### Walkthrough of the SpSSIM Analysis & Python Script
**Jessica Embury, San Diego State University, Fall 2022**

Reference Literature: *Jin, C., Nara, A., Yang, J.-A., Tsou, M.-H. (2020). Similarity measurement on human mobility data with spatially weighted structural similarity index (SpSSIM). Transactions in GIS, 24, 104-122. [https://doi.org/10.1111/tgis.12590](https://doi.org/10.1111/tgis.12590)*

#### Explanation of Python files
- *util.py*: general functions that support the analysis, but are not specific to it
- *matrixes.py*: functions for the generation of analysis matrixes (flow probabilities, weights)
- *analysis.py*: functions for calculation of SpSSIM values
- *main.py*: file path variables and script to run the analysis

#### 1. Create a distance matrix with a row and column for every Census Block Group (CBG).
Each value is the distance between the row CBG and the column CBG in kilometers (km).
**Note:** This function uses a cross join and takes a long time to run!

In [16]:
import pandas as pd
from matrixes import create_distance_matrix

cbg_shapefile = './data/source_data/CENSUS_BLOCKGROUPTIGER2010/CENSUS_BLOCKGROUPTIGER2010.shp'
bg_csv = '/data/source_data/cbgs_2019.csv'
distance_matrix_csv = './data/cbg_distance_matrix.csv'

distance_matrix = create_distance_matrix(cbg_shapefile, bg_csv, distance_matrix_csv)
distance_matrix.head(3)

Unnamed: 0,cbg_orig,60730001001,60730001002,60730002011,60730002021,60730002022,60730002023,60730003001,60730003002,60730003003,...,60730216002,60730218001,60730218002,60730219001,60730219002,60730220001,60730220002,60730221001,60730221002,60730221003
0,60730001001,0.0,0.0,0.0,0.4,0.0,0.5,0.9,1.4,1.7,...,7.4,6.6,5.6,8.9,9.3,10.6,11.3,40.9,40.0,38.6
1,60730001002,0.0,0.0,0.3,0.3,0.0,0.5,1.2,1.6,1.9,...,7.1,6.2,5.2,8.7,9.2,10.6,11.4,41.0,40.1,38.7
2,60730002011,0.0,0.3,0.0,0.1,0.0,0.0,0.1,0.5,0.8,...,7.5,6.8,5.7,8.5,8.8,9.9,10.6,41.3,40.4,39.1


#### 2. Download Origin-Destination (O-D) data and save as .CSV files.
These tables have a record for each origin, destination, and mobility value (e.g., job, device count). Below is a sample of the LODES 2019 O-D table.

In [23]:
od_table_csv = './data/source_data/lodes_od_2019.csv'
od_df = pd.read_csv(od_table_csv)
print('The LODES 2019 O-D table has {} rows.'.format(len(lodes_od_df)))
od_df.head(3)

The LODES 2019 O-D table has 428273 rows.
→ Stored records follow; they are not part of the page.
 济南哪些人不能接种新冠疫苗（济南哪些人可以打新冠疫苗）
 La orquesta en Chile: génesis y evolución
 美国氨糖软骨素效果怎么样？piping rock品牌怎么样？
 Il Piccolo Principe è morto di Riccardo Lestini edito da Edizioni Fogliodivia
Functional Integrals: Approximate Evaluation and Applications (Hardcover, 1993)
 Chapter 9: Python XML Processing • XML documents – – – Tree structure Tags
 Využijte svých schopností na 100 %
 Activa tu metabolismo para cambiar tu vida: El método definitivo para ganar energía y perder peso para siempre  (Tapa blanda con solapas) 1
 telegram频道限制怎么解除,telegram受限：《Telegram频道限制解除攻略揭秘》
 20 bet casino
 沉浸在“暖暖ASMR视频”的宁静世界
Unnamed: 0,cbg_orig,cbg_dest,num_jobs
0,60730001001,60730001001,3
1,60730001001,60730001002,12
2,60730001001,60730002011,2


#### 3. Convert the O-D table into an O-D matrix with one row for each origin CBG and one column for each destination CBG.

In [17]:
from matrixes import odtable2matrix

od_raw_matrix_csv = './data/raw_matrix/sd_lodes_2019_raw_matrix.csv'
od_matrix = odtable2matrix(od_table_csv, od_raw_matrix_csv, 'cbg_orig', 'cbg_dest', 'num_jobs')
od_matrix.head(3)

./data/source_data/lodes_od_2019.csv
O-D table has 428273 rows.
Pivot table has 1794 rows and 1794 columns. 0 differences: []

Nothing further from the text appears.